◆ **Work item**: Print out every line of the material exactly. Include no pictures.

Source material Block Start

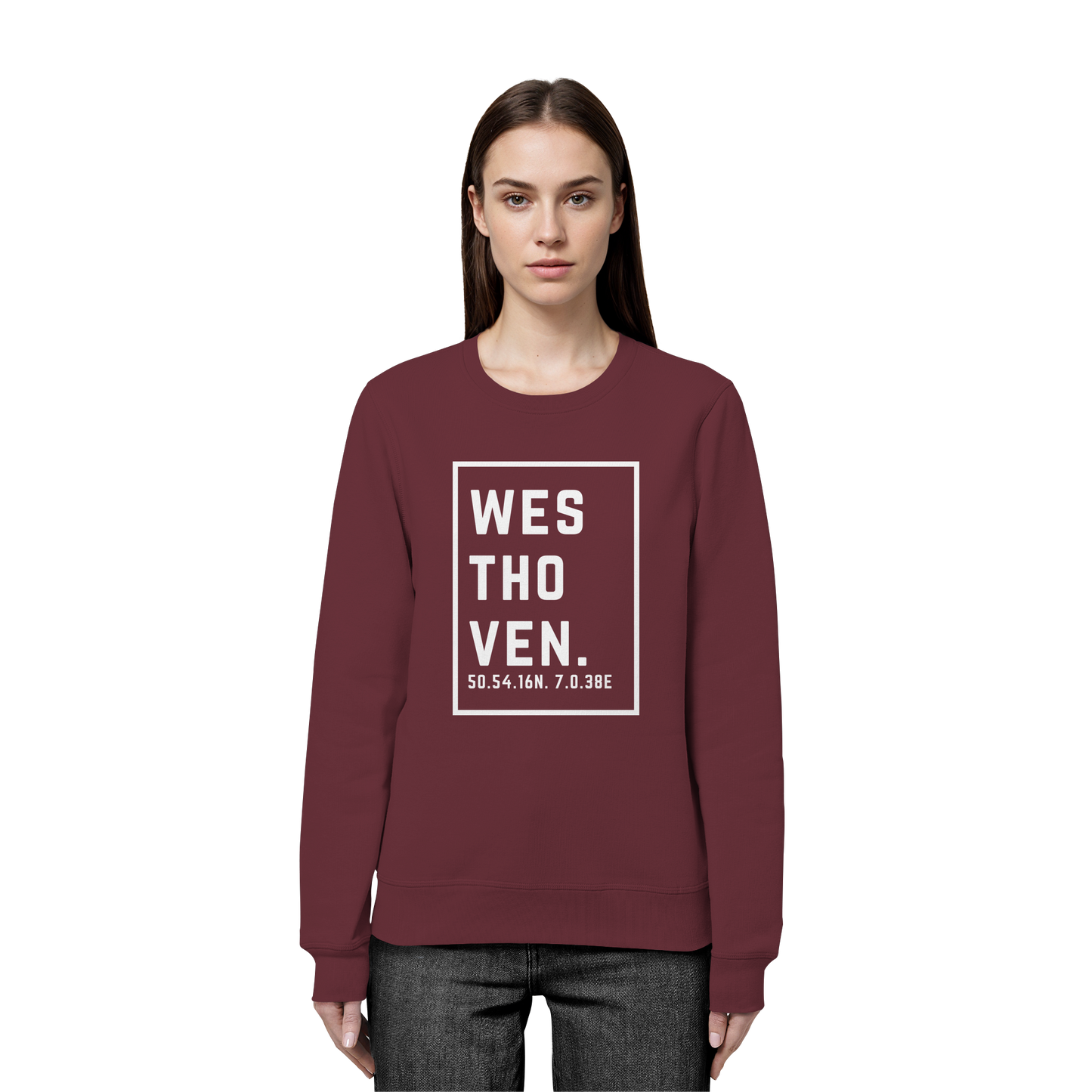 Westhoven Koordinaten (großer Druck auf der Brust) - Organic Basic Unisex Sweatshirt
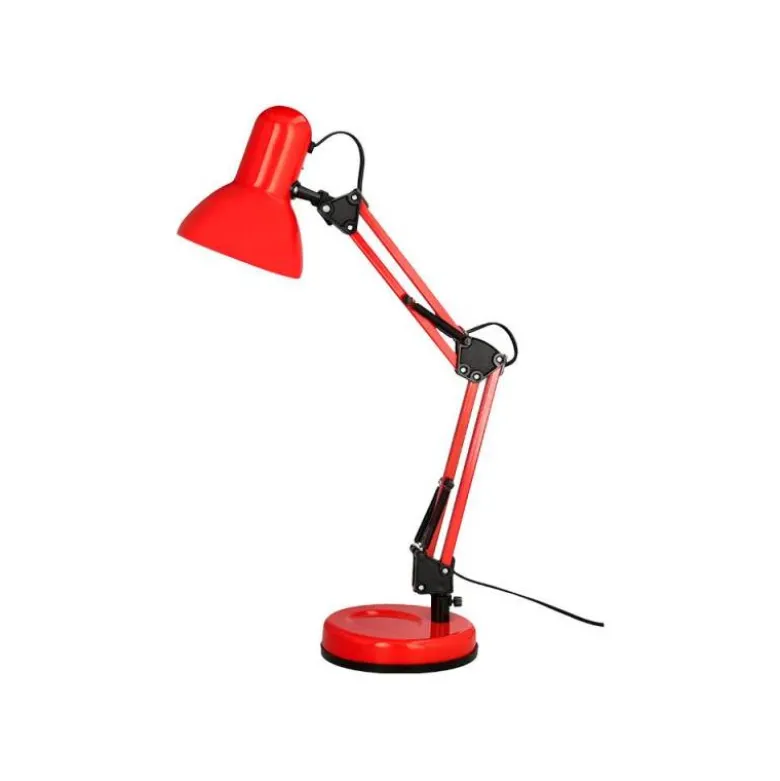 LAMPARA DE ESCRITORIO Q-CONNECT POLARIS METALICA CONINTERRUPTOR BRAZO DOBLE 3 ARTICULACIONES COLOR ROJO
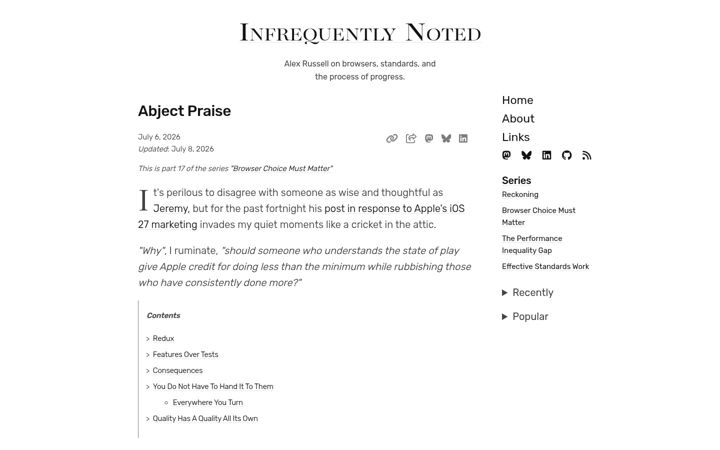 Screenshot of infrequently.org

Source material Block End

◆ **Finished exercise**:
 Westhoven Koordinaten (großer Druck auf der Brust) - Organic Basic Unisex Sweatshirt
 LAMPARA DE ESCRITORIO Q-CONNECT POLARIS METALICA CONINTERRUPTOR BRAZO DOBLE 3 ARTICULACIONES COLOR ROJO
 Screenshot of infrequently.org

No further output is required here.